_Data to examine_
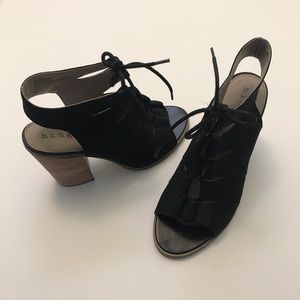 Hinge black leather heels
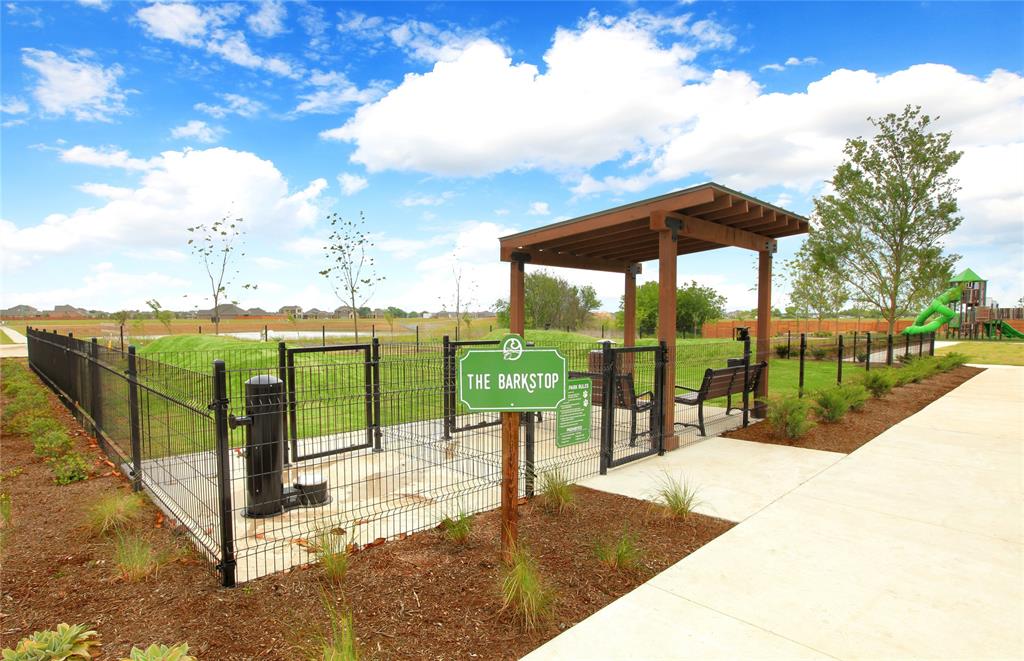 Community Bark Stop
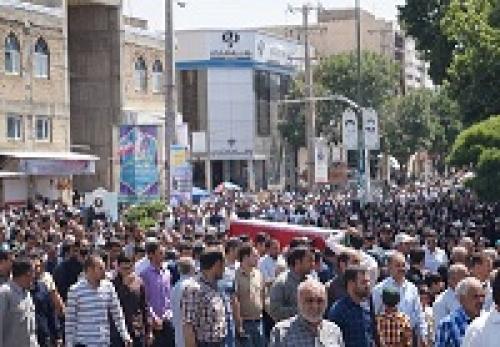 عکس/تشییع پیکر شهید مدافع وطن در قروه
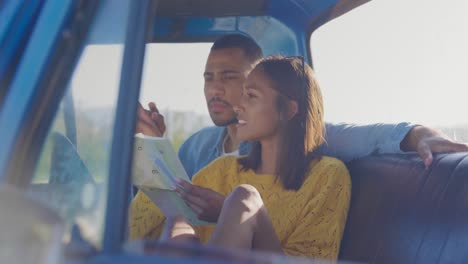 Una-Pareja-Joven-En-Un-Viaje-Por-Carretera-En-Su-Camioneta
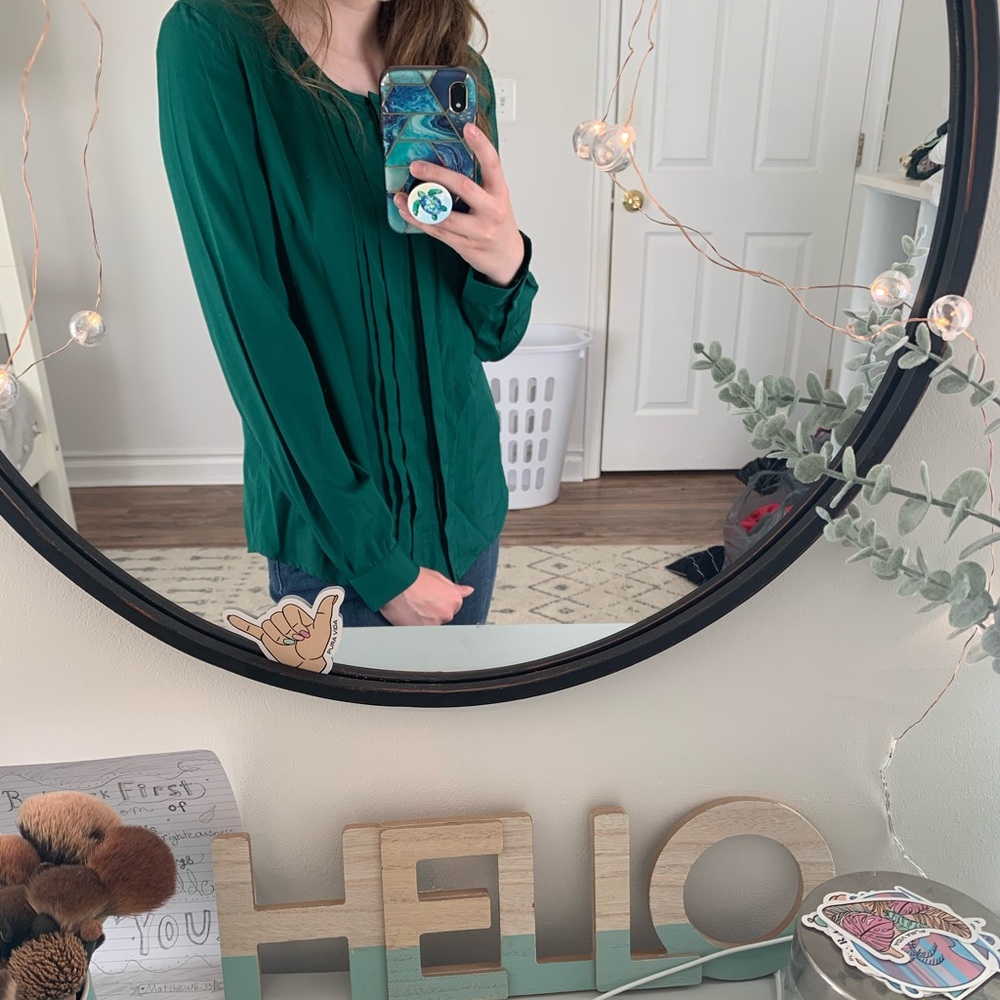 Banana Republic Green Blouse 🎄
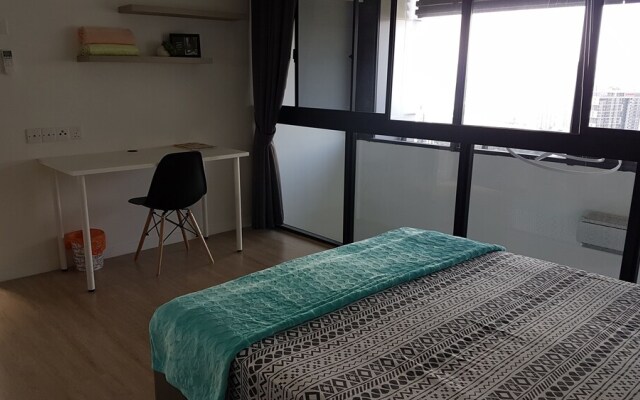 D'Latour Condo by LL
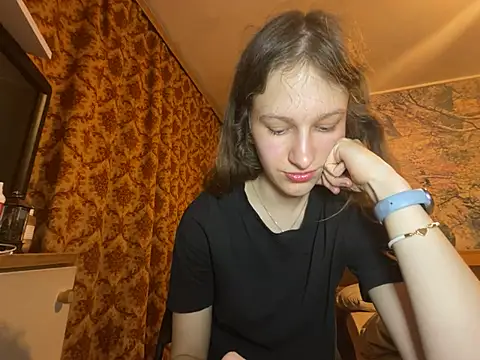 Snapshot of Eva_Angel3 chatting on March 15, 6:47 pm Eva Angel3 online show from March 15, 6:47 pm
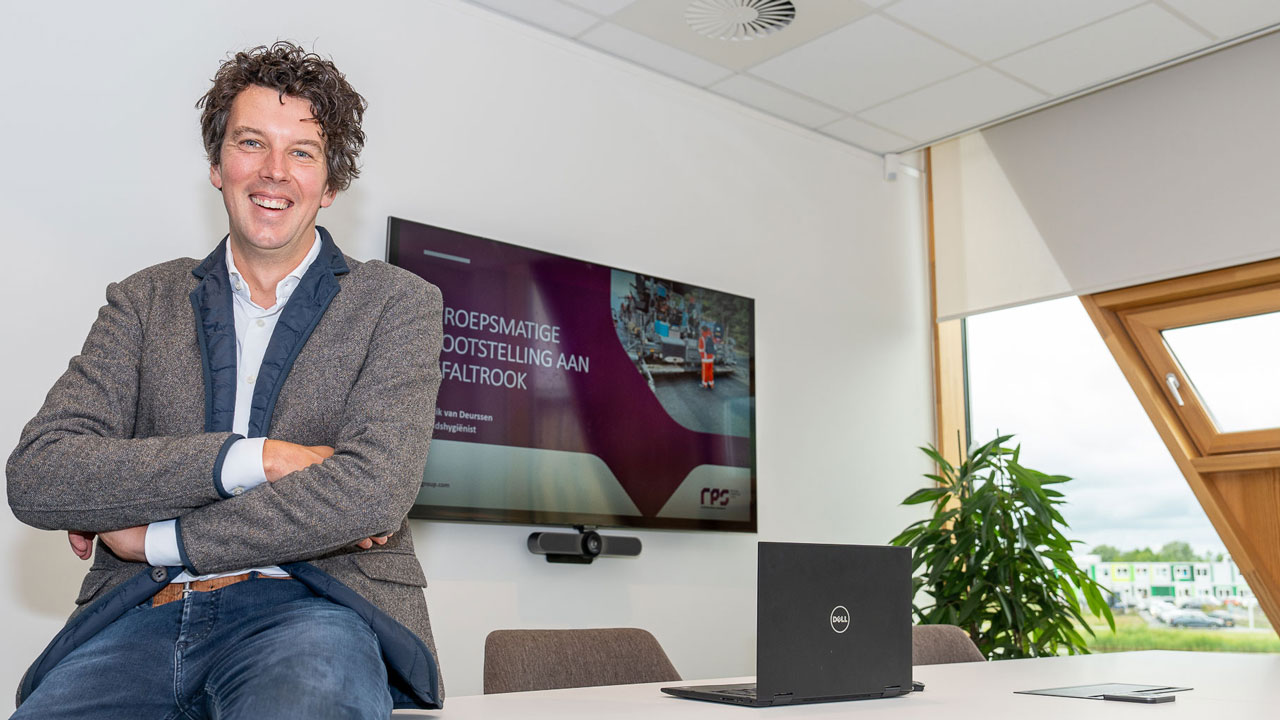 Erik van Deurssen presenteert over blootstelling aan asfaltrook tijdens bijeenkomst over veiligheid in de wegenbouw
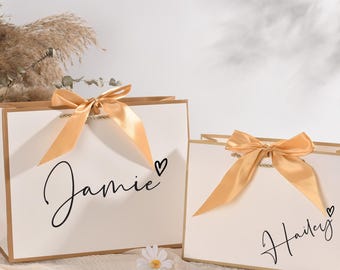 Custom Name Bridesmaid Gift Bag, Personalized Wedding Gift Bag, Bridal Party Name Bag, Custom Font Gift Packaging for Bridesmaids & Bride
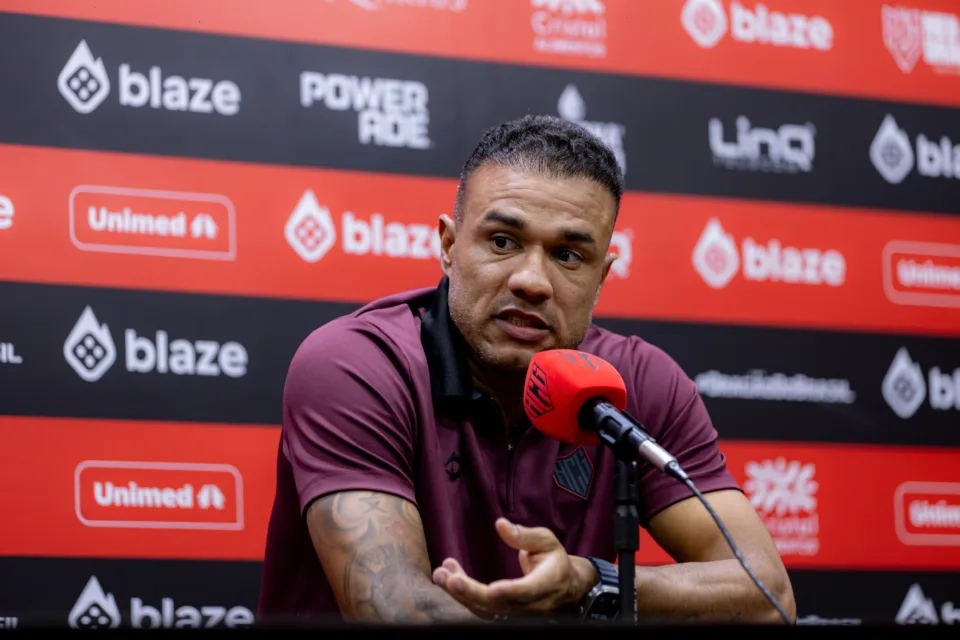 Roger Silva diz que Atlético foi melhor no clássico: “resultado injusto”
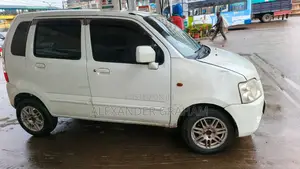 Suzuki Solio 2011 Pearl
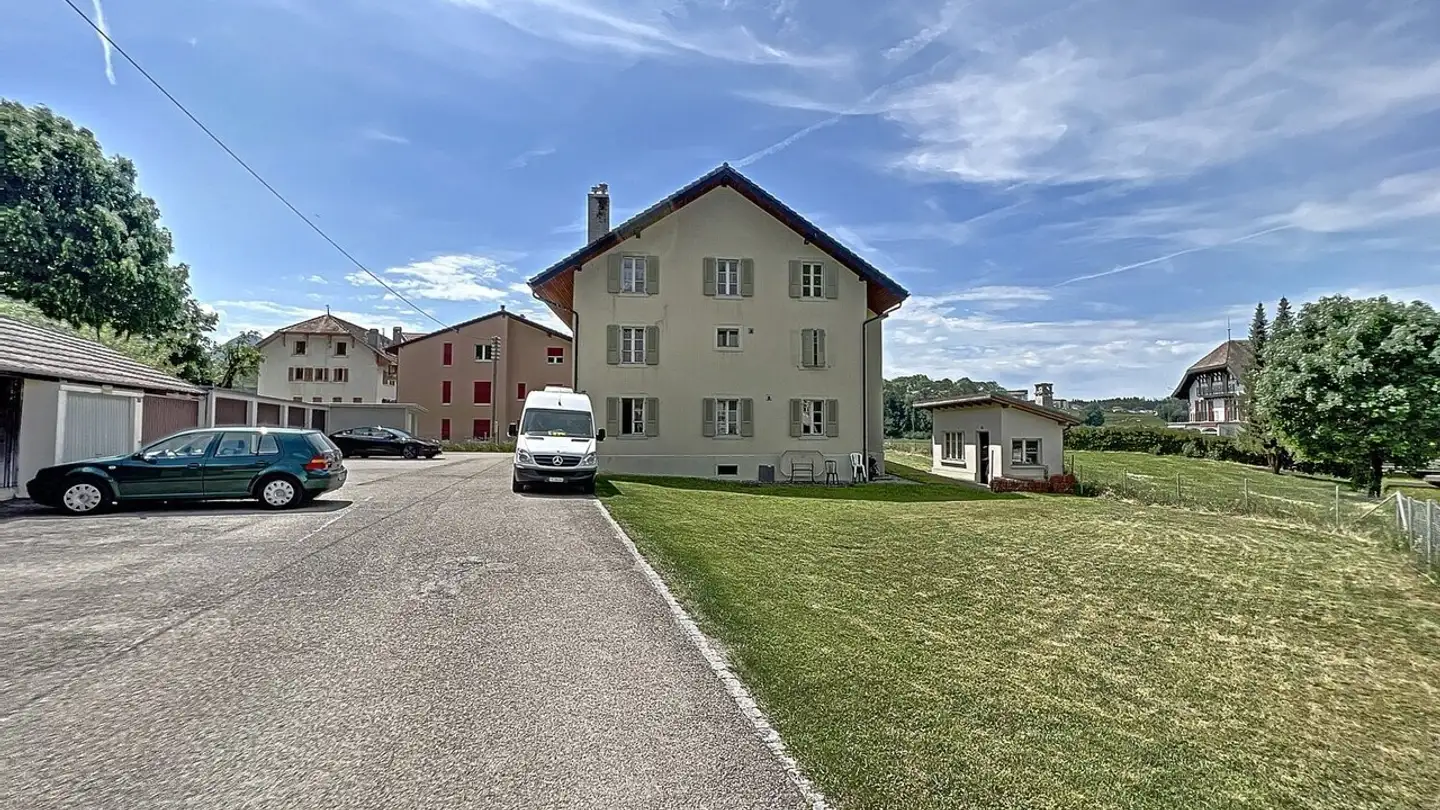 Apartment for rent - Rue Jules-Bellet, 1636 Broc - Photo 2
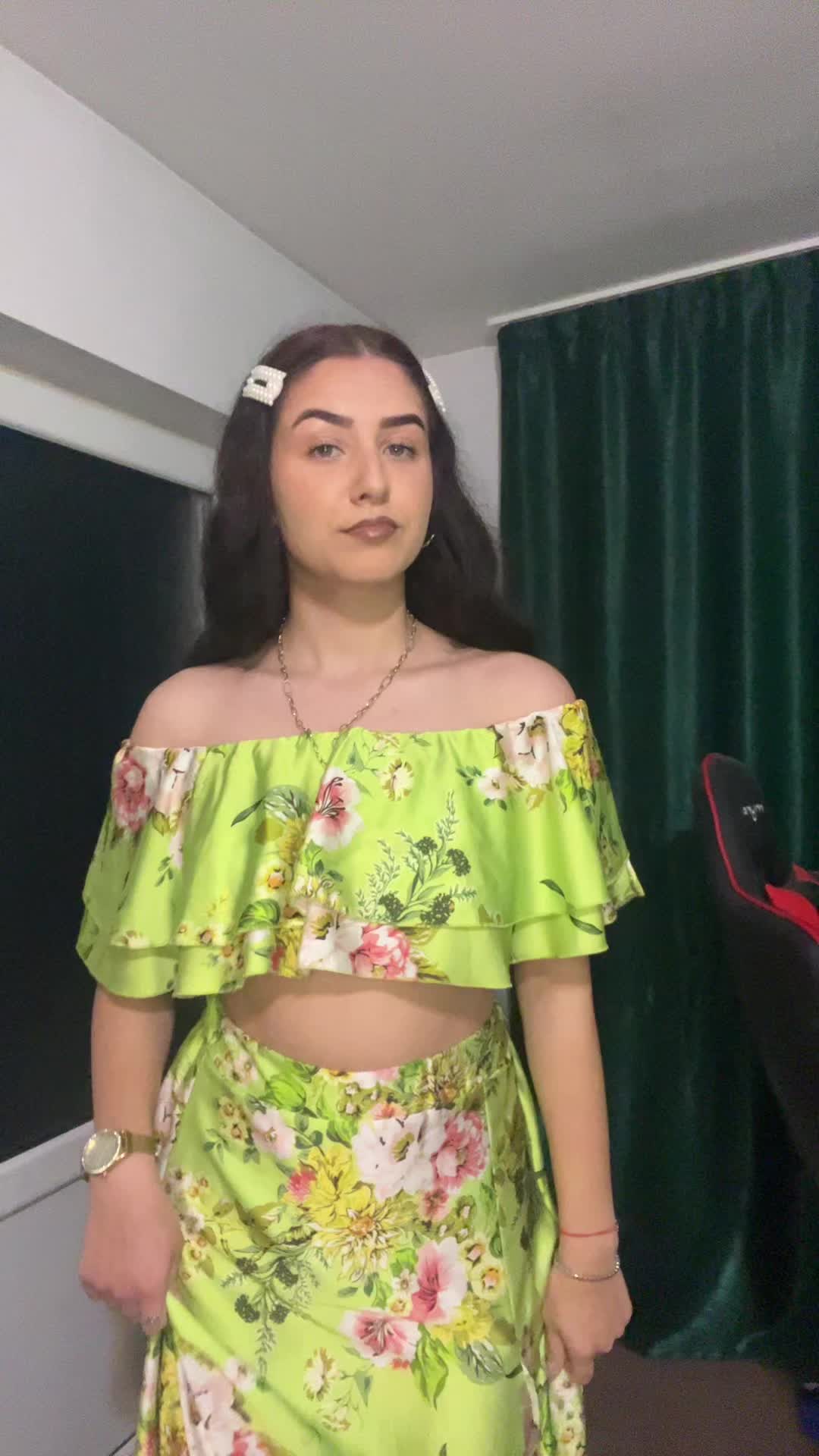 @𝒸𝓇𝒾𝓈𝓉𝒾𝓃𝒶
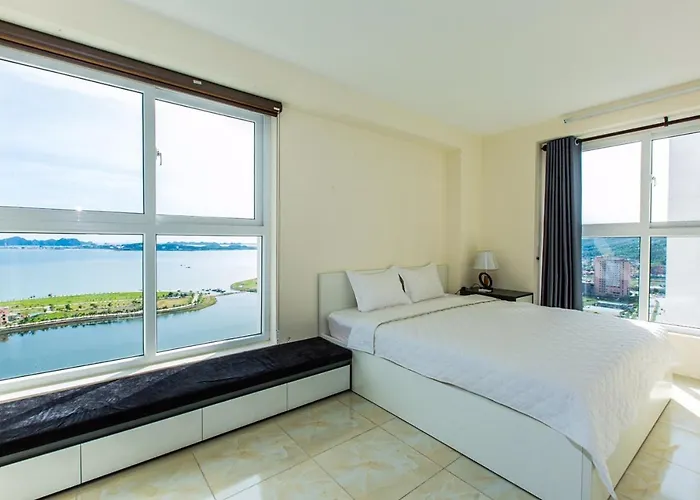 Căn hộ Luxury With Sea View In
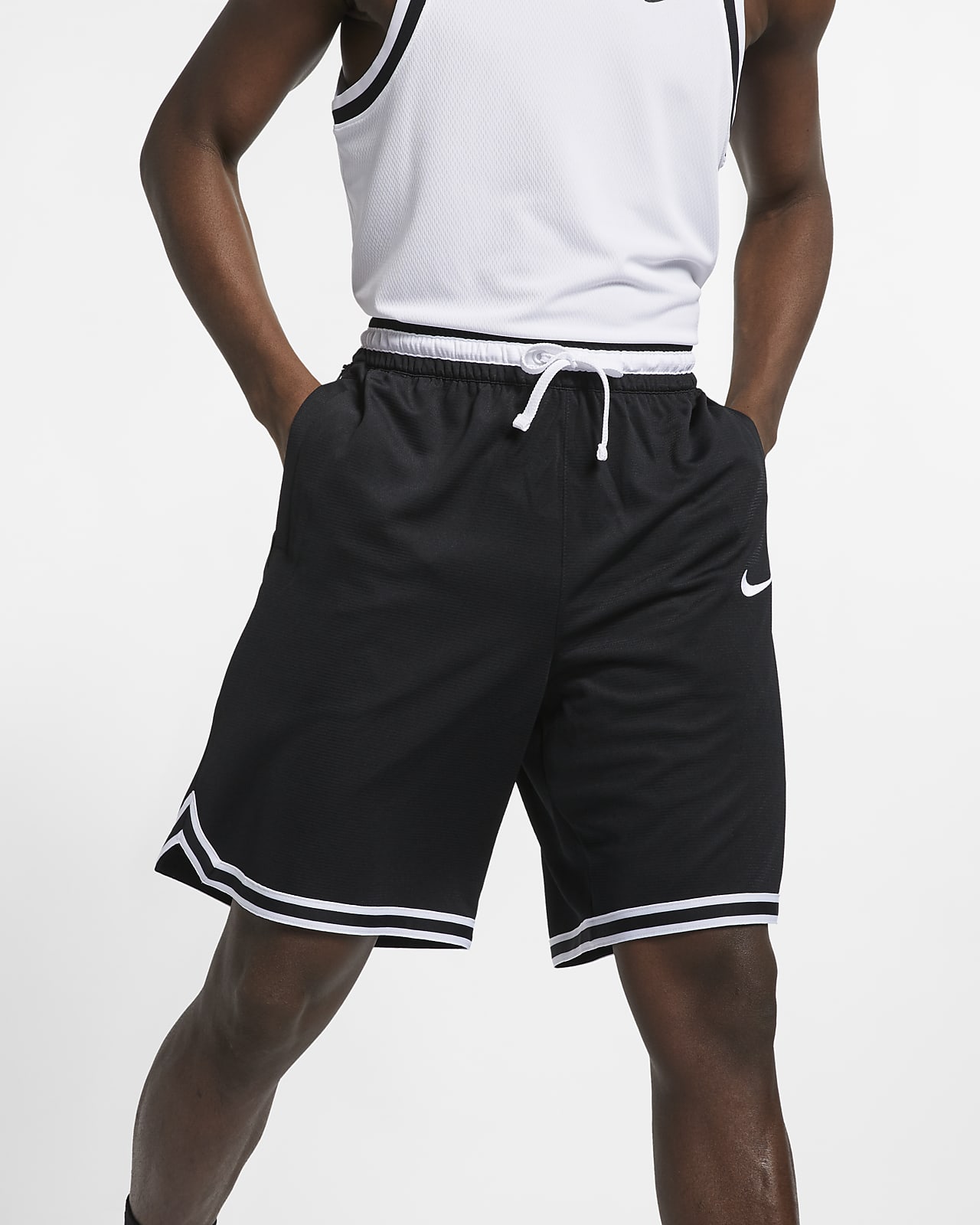 กางเกงบาสเก็ตบอลขาสั้นผู้ชาย Nike Dri-FIT DNA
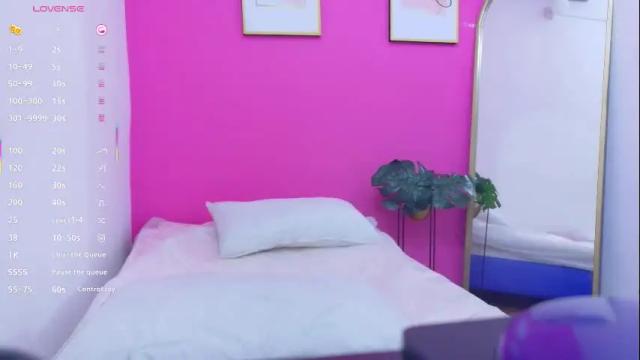 Image 6 of skinnyneighbour_ Stream on Chaturbate on 17 days ago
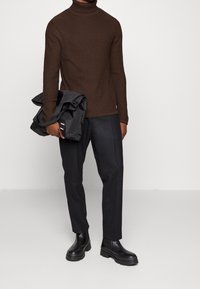 Jack & Jones PREMIUM Svetr - brown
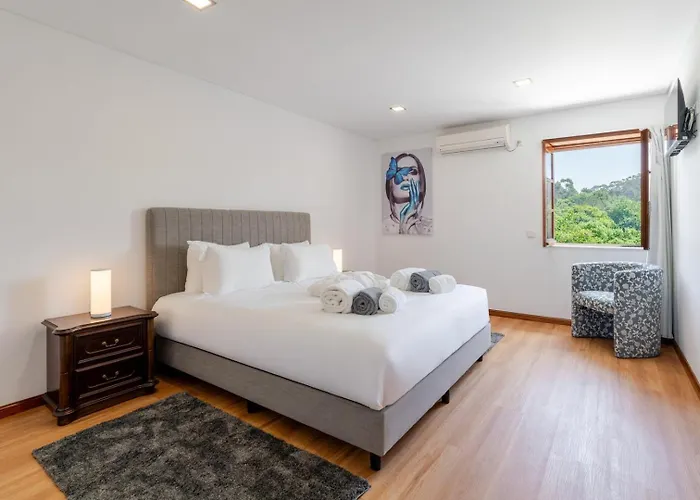 Calejo House - Pool & Sports & Grill Retreat 招待所 4*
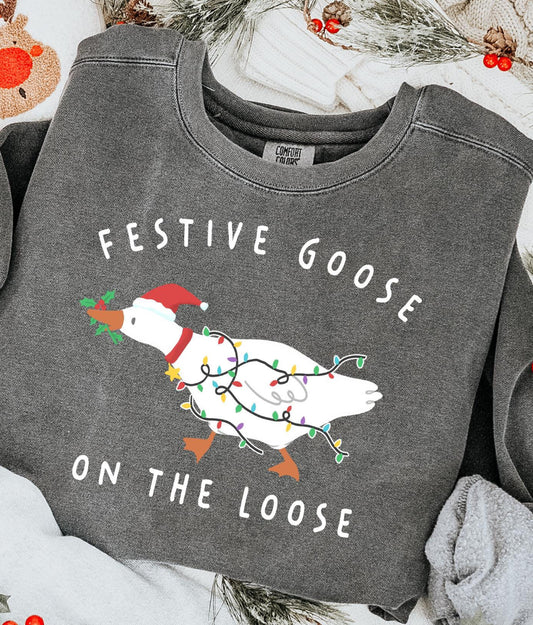 Festive Goose on the Loose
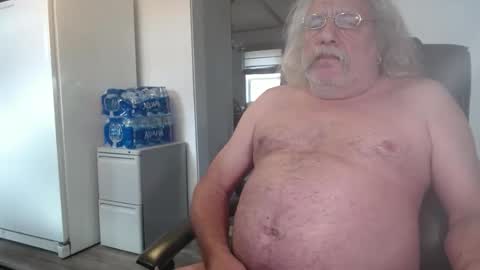 likesgirls2 online show from January 1, 2025, 6:59 pm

_Directions for this task_
Beginning with the line that holds "Festive Goose on the Loose", write out exactly the lines down to the end of the material above, and no others. Pictures are not part of the copy.

_Output for this task_
 Festive Goose on the Loose
 likesgirls2 online show from January 1, 2025, 6:59 pm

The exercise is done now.